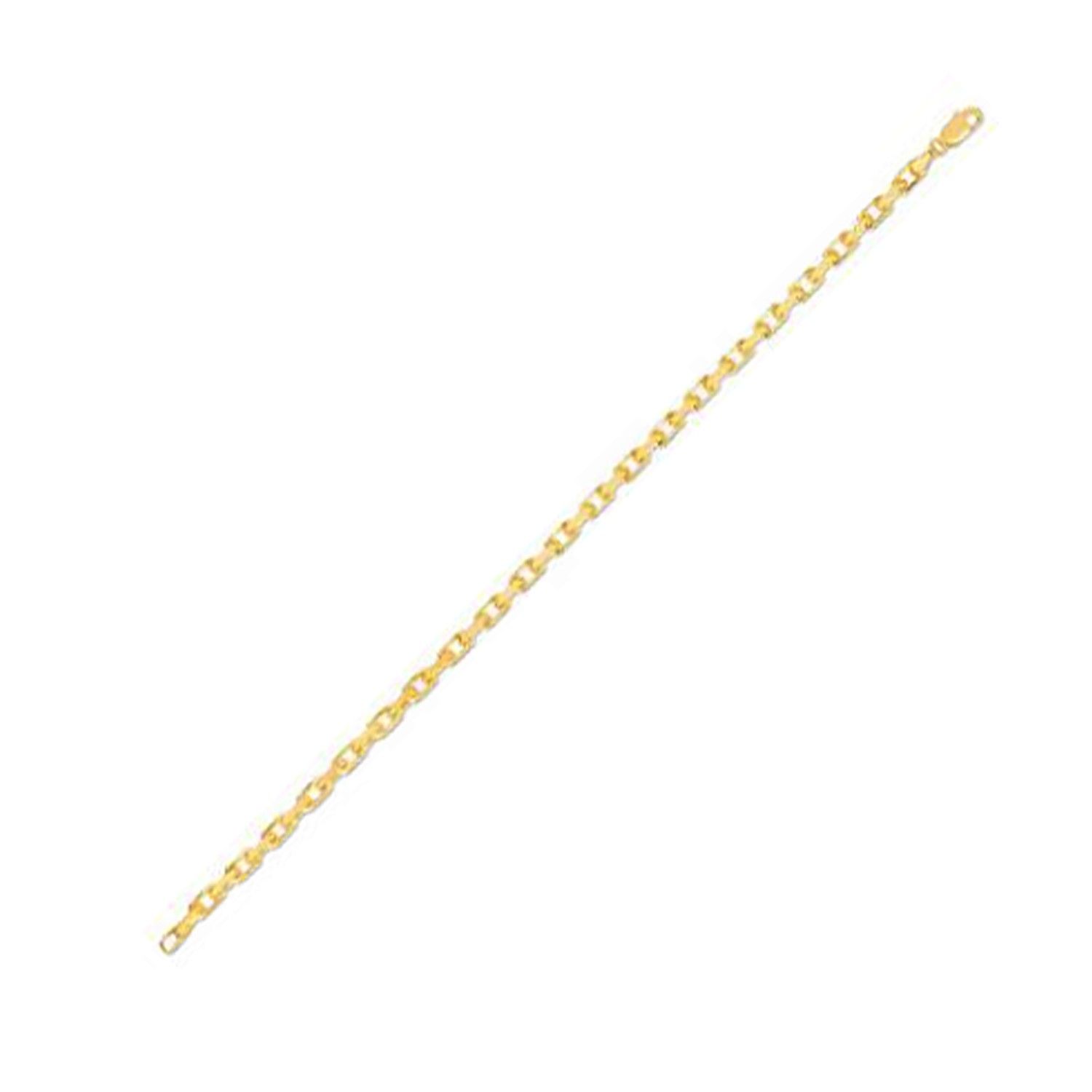 14 Karat Gelbgold Französisch Kabelverbindung Kette (3,60 mm)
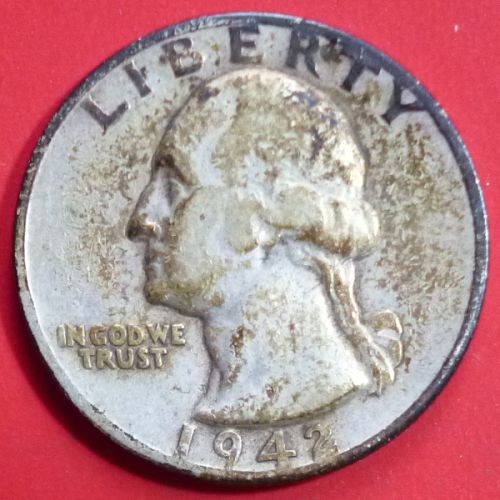 USA United States of America Washington Quarter 25 Cents 1942 P KM# 164 Silver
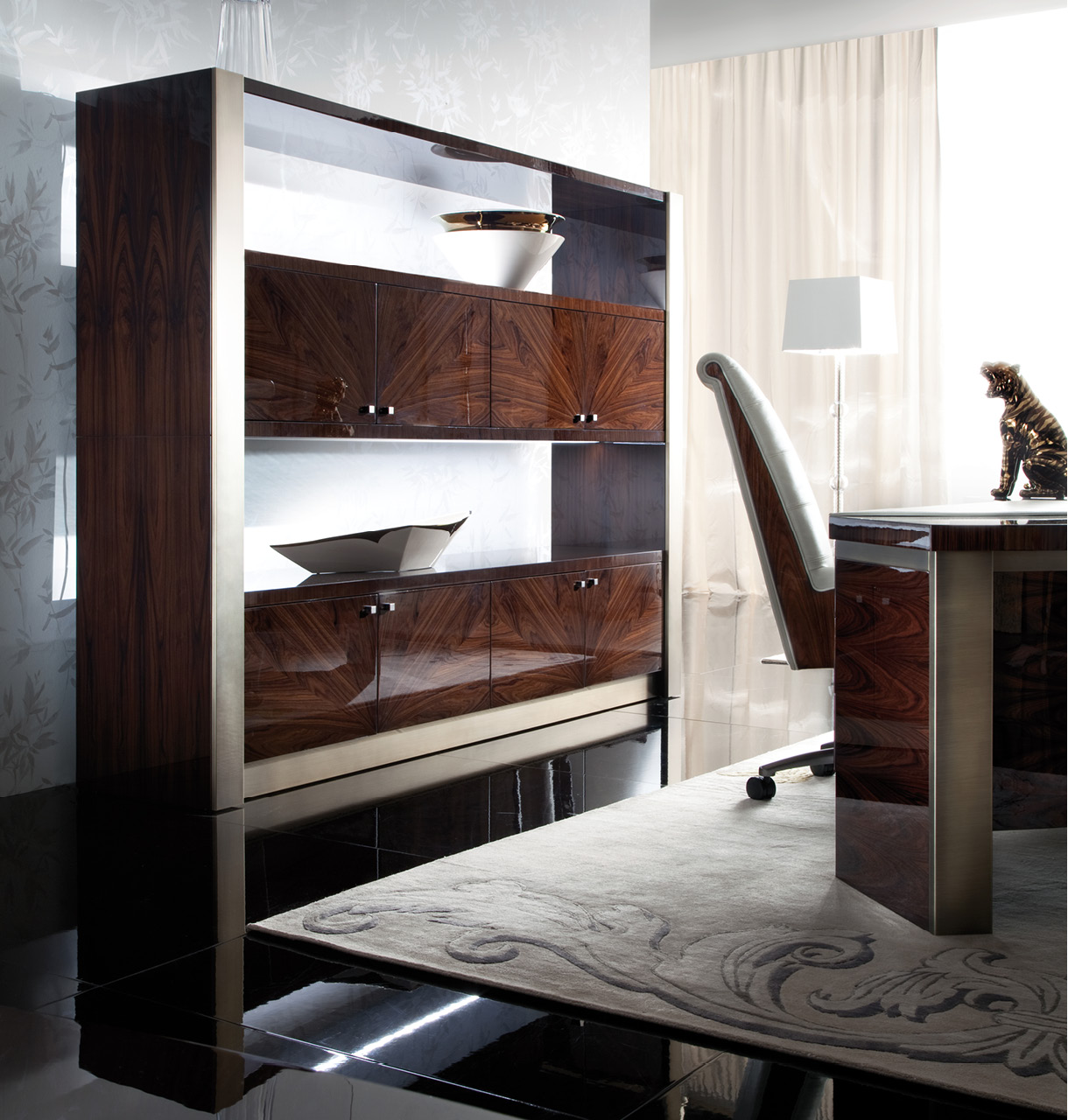 1084 Coliseum книжный шкаф - giorgio collection  - Вид №2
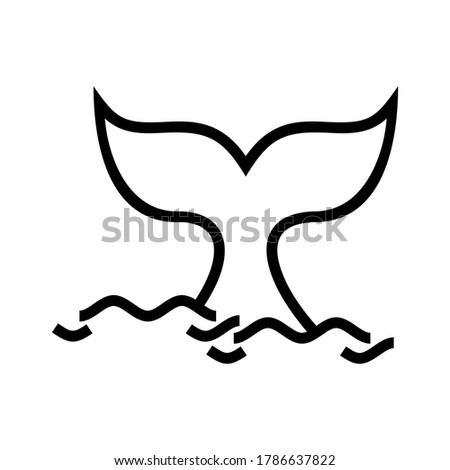 whale tail icon or logo isolated sign symbol vector illustration - high quality black style vector icons
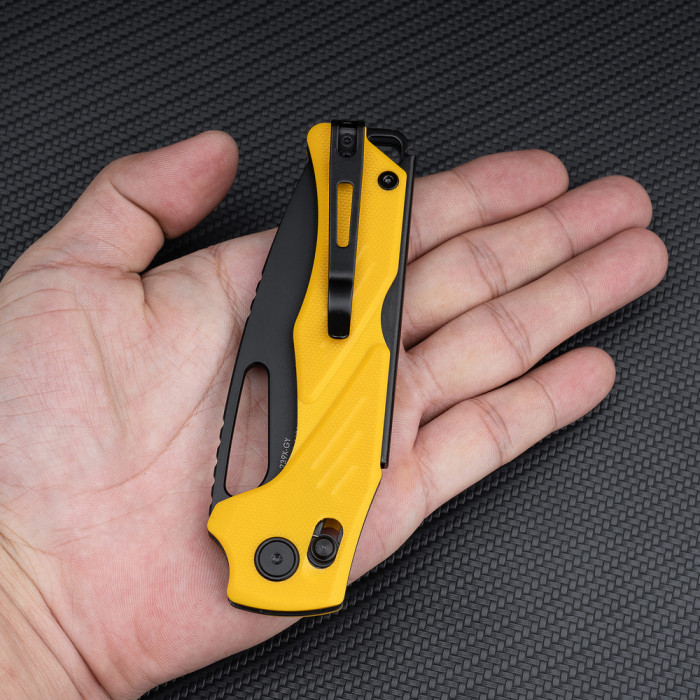 Нож складной SRM Mirage 239X-GY, желтый  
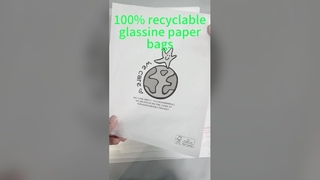 Kantong Kertas Kaca Translucent Biodegradable Custom Printed for Sock and Clothing Packaging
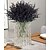baratos Flores e Coroas Artificiais-24 pacotes de flores artificiais de lavanda preta para decoração de Halloween ao ar livre, plantas de plástico artificiais resistentes a raios UV para vasos pendurados, varandas externas, vasos e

········

▶ What to do: Reproduce only the lines running from the beginning of the entries above to the line holding "whale tail icon", inclusive. Pictures stay out of the copy.

▶ The answer:
 14 Karat Gelbgold Französisch Kabelverbindung Kette (3,60 mm)
 USA United States of America Washington Quarter 25 Cents 1942 P KM# 164 Silver
 1084 Coliseum книжный шкаф - giorgio collection  - Вид №2
 whale tail icon or logo isolated sign symbol vector illustration - high quality black style vector icons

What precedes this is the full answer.